---------- RECORDS ----------

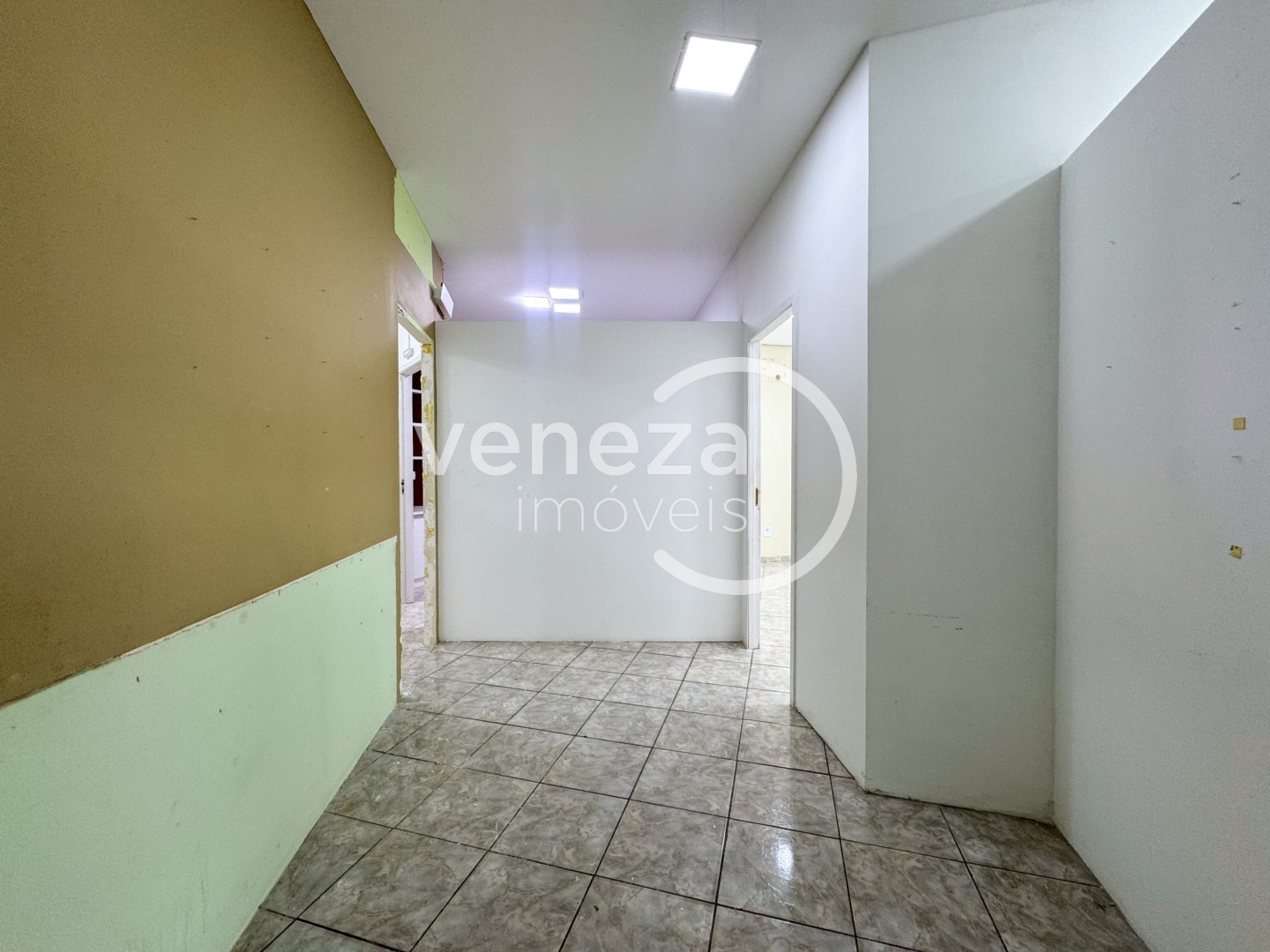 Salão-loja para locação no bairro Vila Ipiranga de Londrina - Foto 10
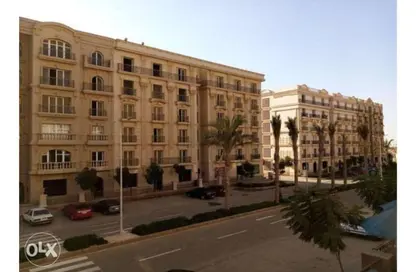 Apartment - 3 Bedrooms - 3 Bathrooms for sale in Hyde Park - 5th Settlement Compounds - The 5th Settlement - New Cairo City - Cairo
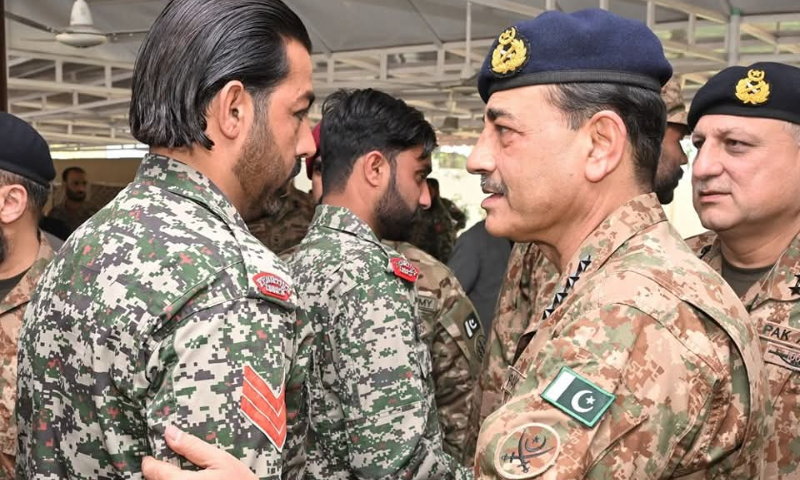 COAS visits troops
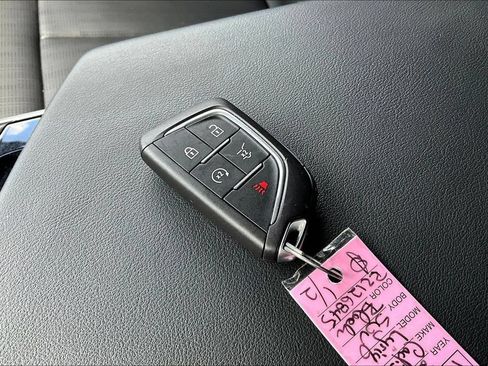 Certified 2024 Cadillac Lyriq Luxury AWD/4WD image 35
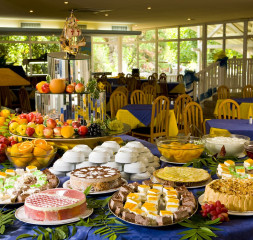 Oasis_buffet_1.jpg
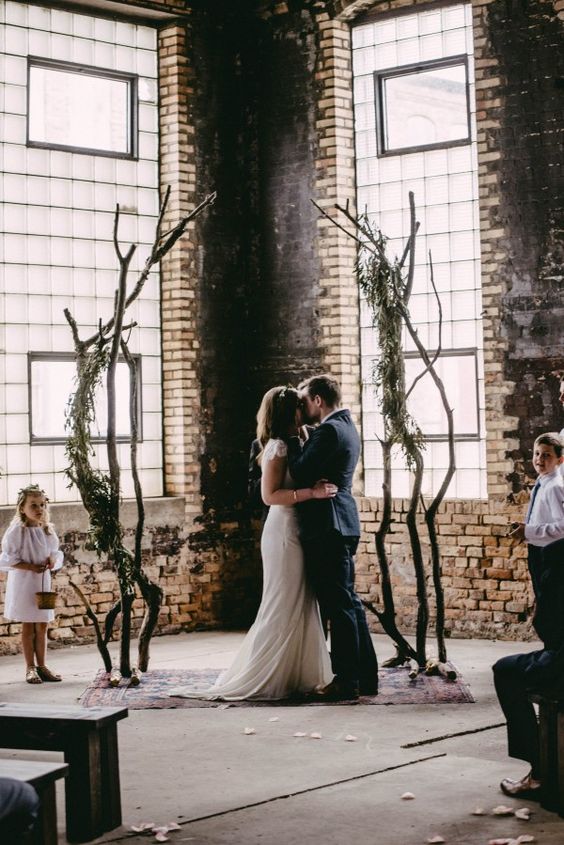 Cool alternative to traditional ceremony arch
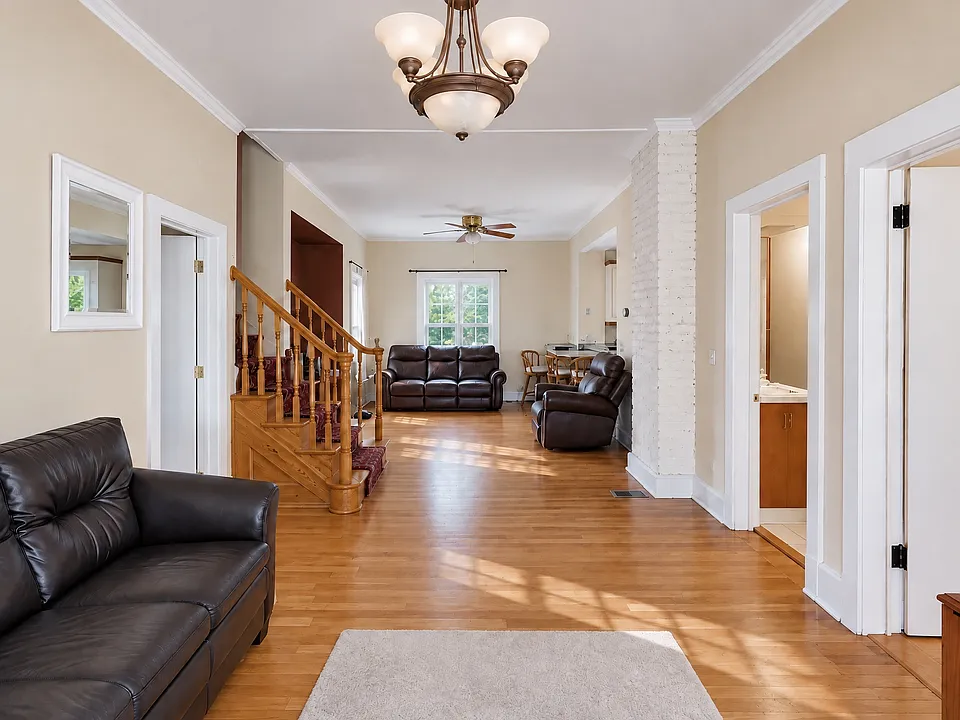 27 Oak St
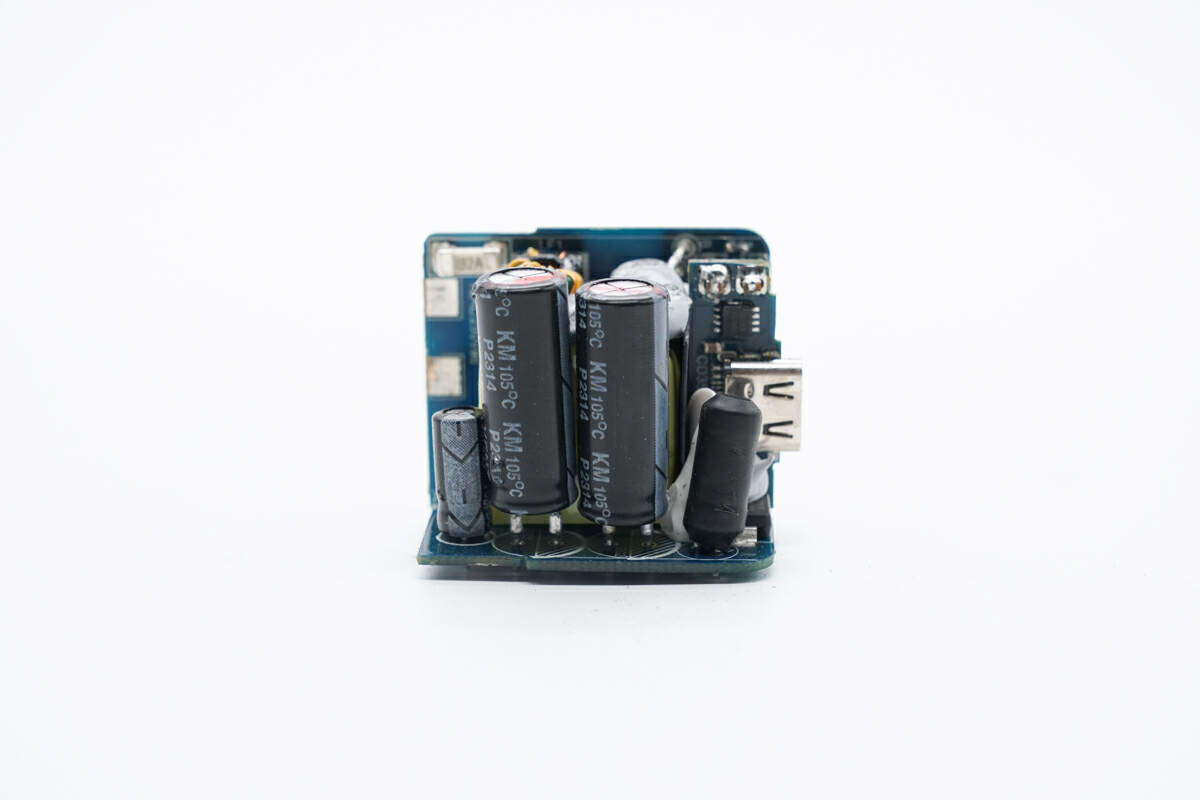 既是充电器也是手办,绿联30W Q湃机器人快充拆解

----------

WHAT IS REQUIRED: Restate word for word, and only, the lines from the line that contains "Certified 2024 Cadillac" through the end of the data, both included; pictures are not part of the copy.

ANSWER FOR THE TASK:
 Certified 2024 Cadillac Lyriq Luxury AWD/4WD image 35
 Oasis_buffet_1.jpg
 Cool alternative to traditional ceremony arch
 27 Oak St
 既是充电器也是手办,绿联30W Q湃机器人快充拆解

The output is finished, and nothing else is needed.